This pulls the mechanism into an opposite direction. The shock
absorber allows a soft end of the stroke and avoids bounces which
could create re-strikes. The main breaker is now open and the
ground closed. This is (1) a clear shut-down signal to every
distributed energy resource that is connected to the lateral; (2) a
safe environment for utility workers to work because the system is
grounded; and (3) a way to prevent disasters and fires since the
lines are de-energized.
[0075] The current transformer located at the top of the main
breaker will detect any variation on the intensity of the current
flowing through it. If there is a large increase in current, the
current transformer will detect such a large increase and send a
signal to the protection relay attached to and sends a tripping
signal to open the magnetic actuator. The current transformer
located between the two poles will inform, after the system is
grounded, if there is still a flow of electricity. This is
important information for utility and electrical workers that are
working on the system.
[0076] The mechanical commutation process can take up to twenty
milliseconds, either for closing or opening. As such, this
"generally simultaneously" opening or closing can be construed as
being instantaneously or up to a twenty millisecond delay. During
the opening process, contacts on the main vacuum interrupter move
apart. At the beginning of this movement, there is still flow of
electricity. However, at some point the electricity flow stops.
When the current stops flowing, temporary over-voltages will happen
for a short period of time until the ground breaker closes. At this
small period of time, if the transient overvoltages are too high,
this could cause damage to the system. The arrestor limits these
transient overvoltages during this period of time.
[0077] This foregoing Section is intended to describe, with
particularity, the preferred embodiment of the present invention.
It is understood that modifications to this preferred embodiment
can be made within the scope of the present claims. As such, this
Section should not to be construed, in any way, as limiting of the
broad scope of the present invention. The present invention should
only be limited by the following claims and their legal
equivalents.
BRIEF DESCRIPTION OF THE SEVERAL VIEWS OF THE DRAWINGS
[0078] FIG. 1 is a side elevational view showing a utility pole
having the distribution grounding switch of the present invention
installed thereon.
[0079] FIG. 2 is a schematic showing the system of the present
invention as used in association with relays to the utility.
[0080] FIG. 3 is an upper perspective view of the distribution
grounding switch of the present invention.
[0081] FIG. 4 is a cross-sectional view showing the distribution
grounding switch of the present invention with the mains closed and
the grounding open.
[0082] FIG. 5 is a cross-sectional view of the distribution
grounding switch of the present invention with the mains open and
the grounding closed.
[0083] FIG. 6 is a cross-sectional end view of the distribution
grounding switch of the present invention of FIG. 5.

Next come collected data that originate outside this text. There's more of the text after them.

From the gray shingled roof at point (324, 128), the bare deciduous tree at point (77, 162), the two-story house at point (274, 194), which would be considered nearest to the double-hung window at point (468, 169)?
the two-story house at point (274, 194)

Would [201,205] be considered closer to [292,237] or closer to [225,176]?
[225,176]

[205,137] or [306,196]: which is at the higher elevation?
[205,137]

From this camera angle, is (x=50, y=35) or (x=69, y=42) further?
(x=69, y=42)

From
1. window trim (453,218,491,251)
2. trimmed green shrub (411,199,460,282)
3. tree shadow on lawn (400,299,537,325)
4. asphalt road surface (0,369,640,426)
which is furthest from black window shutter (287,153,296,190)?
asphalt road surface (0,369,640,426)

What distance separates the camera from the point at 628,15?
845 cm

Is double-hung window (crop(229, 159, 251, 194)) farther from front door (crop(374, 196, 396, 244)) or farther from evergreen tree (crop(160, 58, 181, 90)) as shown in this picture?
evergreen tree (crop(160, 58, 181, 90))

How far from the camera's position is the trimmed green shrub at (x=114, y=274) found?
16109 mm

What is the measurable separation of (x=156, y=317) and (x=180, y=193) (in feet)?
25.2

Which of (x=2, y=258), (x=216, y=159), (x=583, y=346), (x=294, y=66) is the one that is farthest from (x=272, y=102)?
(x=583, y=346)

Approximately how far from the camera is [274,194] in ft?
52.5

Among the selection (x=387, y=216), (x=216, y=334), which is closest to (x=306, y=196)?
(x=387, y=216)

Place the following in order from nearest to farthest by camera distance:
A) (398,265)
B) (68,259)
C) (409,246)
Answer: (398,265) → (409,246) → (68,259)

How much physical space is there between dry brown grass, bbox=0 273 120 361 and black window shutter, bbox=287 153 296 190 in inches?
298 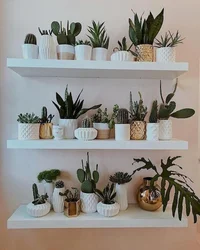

DETAILED DESCRIPTION OF THE INVENTION
[0084] Referring to FIG. 1, there is the system 10 of the present
invention. The system 10 includes a utility pole 12 having a
crossbeam 14 at a top thereof and a mains line 16 positioned on the
crossbeam 14. The mains line 16 will be ultimately connected to a
utility. The distribution grounding switch 18 is supported on the
pole 12 below the crossbeam 14. Ultimately, a line 20 extends from
the mains line 16 to a cutout or to a fuse 22. Line 24 extends from
the fuse 22 to a potential transformer 26. Potential transformer 26
is supported on the pole 12 generally opposite to the distribution
grounding switch 18. Lateral line 28 is connected to the pole 12.
Lateral line 28 has a branch 30 that is connected to the
distribution grounding switch 18. The mains line 16 is ultimately
connected by branch line 32 to the distribution grounding switch
18. A control or relay 32 is supported by the pole 12 in a
conventional manner A neutral or grounding line 36 is connected or
interconnected to the distribution grounding switch 18. Ultimately,
a ground rod 38 extends downwardly from the bottom of the pole
12.
[0085] FIG. 2 shows the configuration of the system 10 of the
present invention. System 10 allows the utility to have control and
monitoring of the distributed energy resources. The distribution
grounding switch 18 is illustrated as having a mains vacuum
interlock 40 and a grounding vacuum interlock 42 therein. A
mechanical linkage 44 connects the mains vacuum interrupter 40 to
the grounding vacuum interrupter 42 (in the matter to be described
hereinafter). Relay 34 is connected to a line 46 extending to the
mains line 16. A potential transformer 26 is positioned on line 26.
Relay 34 is connected by lines 48 and 50 to lateral line 30.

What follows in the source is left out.